Give all of the data again exactly as written, omitting every image.

# [Information provided]
* * * * * * *
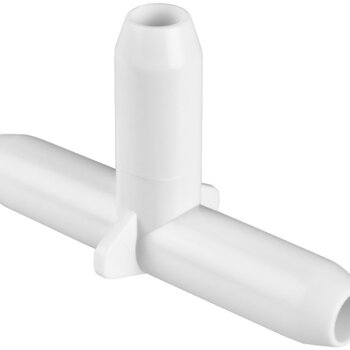 Waterway Europe Waterway 3/8" gladde Barb T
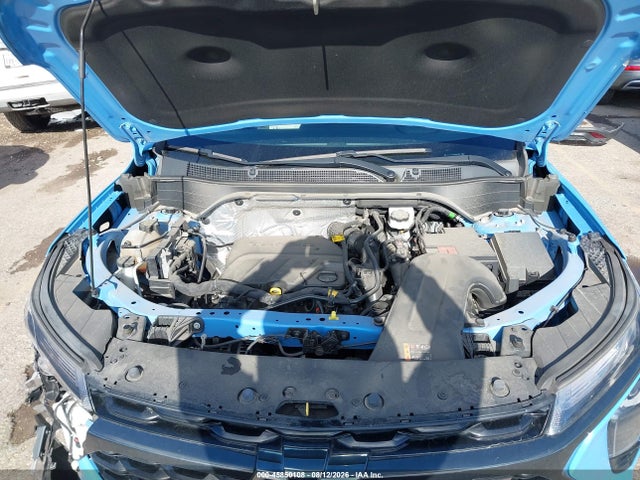 45850108 :رقم المزاد ، KL77LGE22RC069287 vin ، 2024 Chevrolet Trax Fwd 1rs مزاد بيع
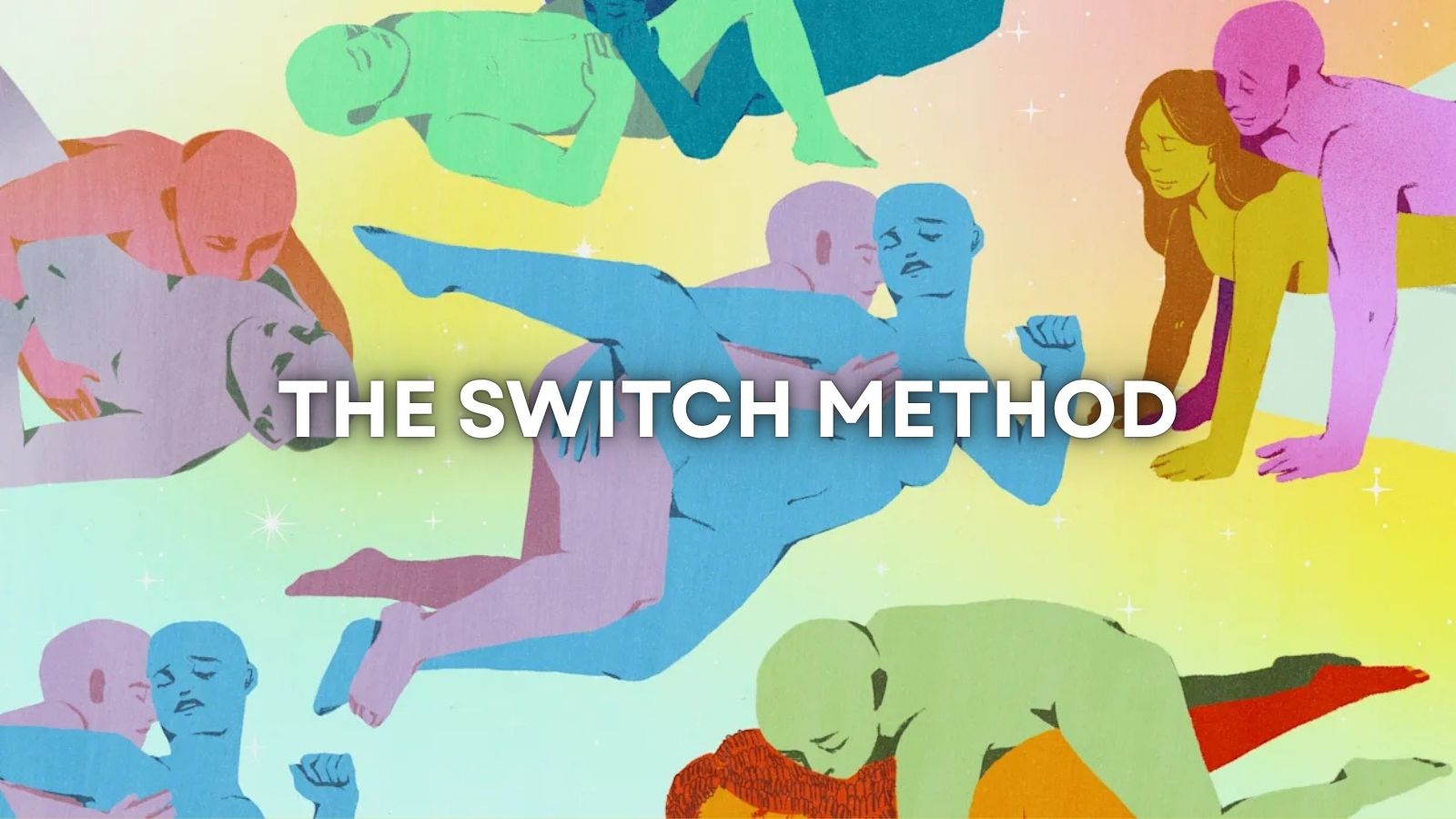 THE “POSITION SWITCH” METHOD: HOW SMALL CHANGES CAN COMPLETELY CHANGE YOUR EXPERIENCE LOVVA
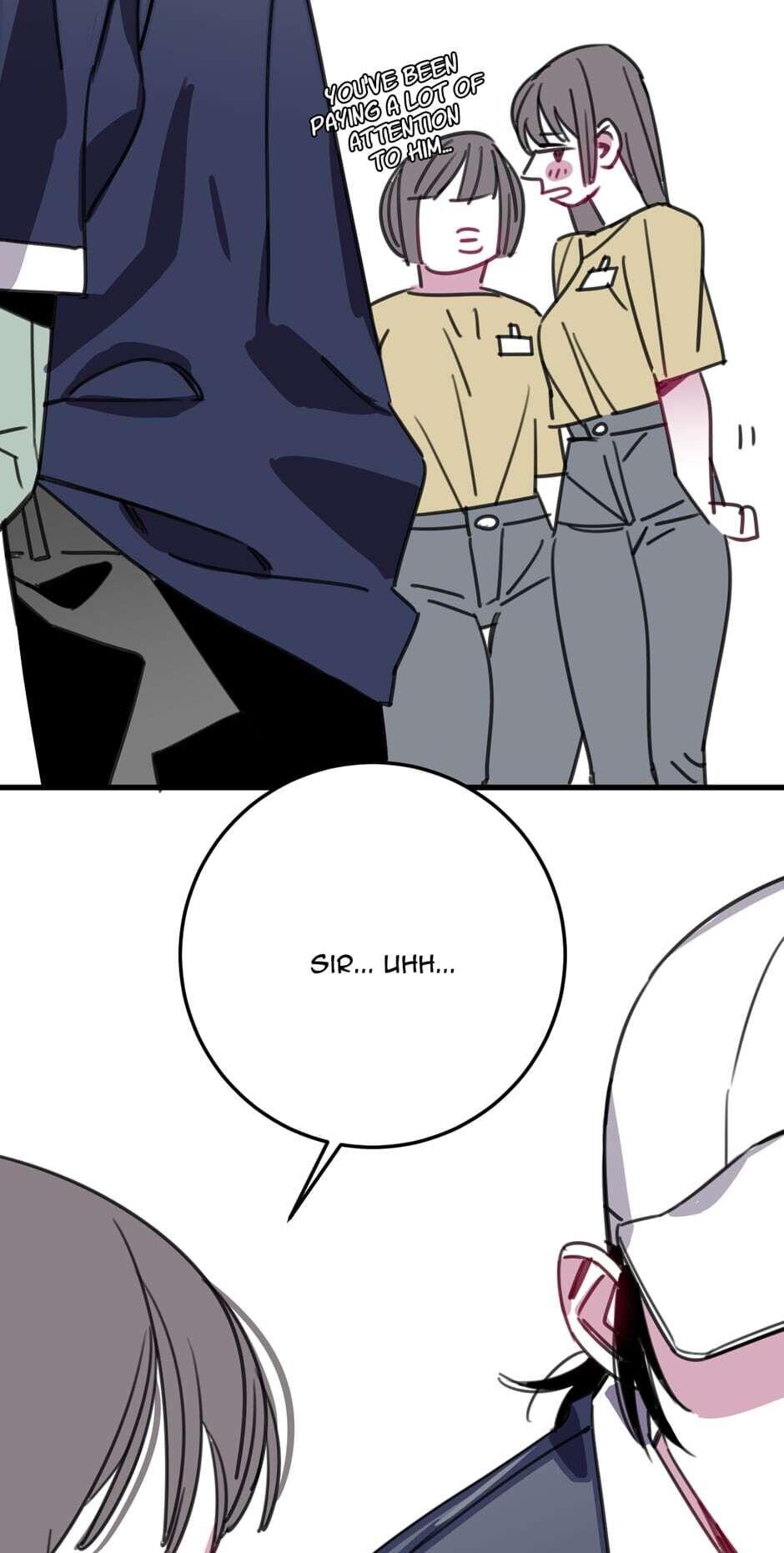 The Demon of The Mansion & Me Chapter 33 - page 31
* * * * * * *
# [Expected answer]
 Waterway Europe Waterway 3/8" gladde Barb T
 45850108 :رقم المزاد ، KL77LGE22RC069287 vin ، 2024 Chevrolet Trax Fwd 1rs مزاد بيع
 THE “POSITION SWITCH” METHOD: HOW SMALL CHANGES CAN COMPLETELY CHANGE YOUR EXPERIENCE LOVVA
 The Demon of The Mansion & Me Chapter 33 - page 31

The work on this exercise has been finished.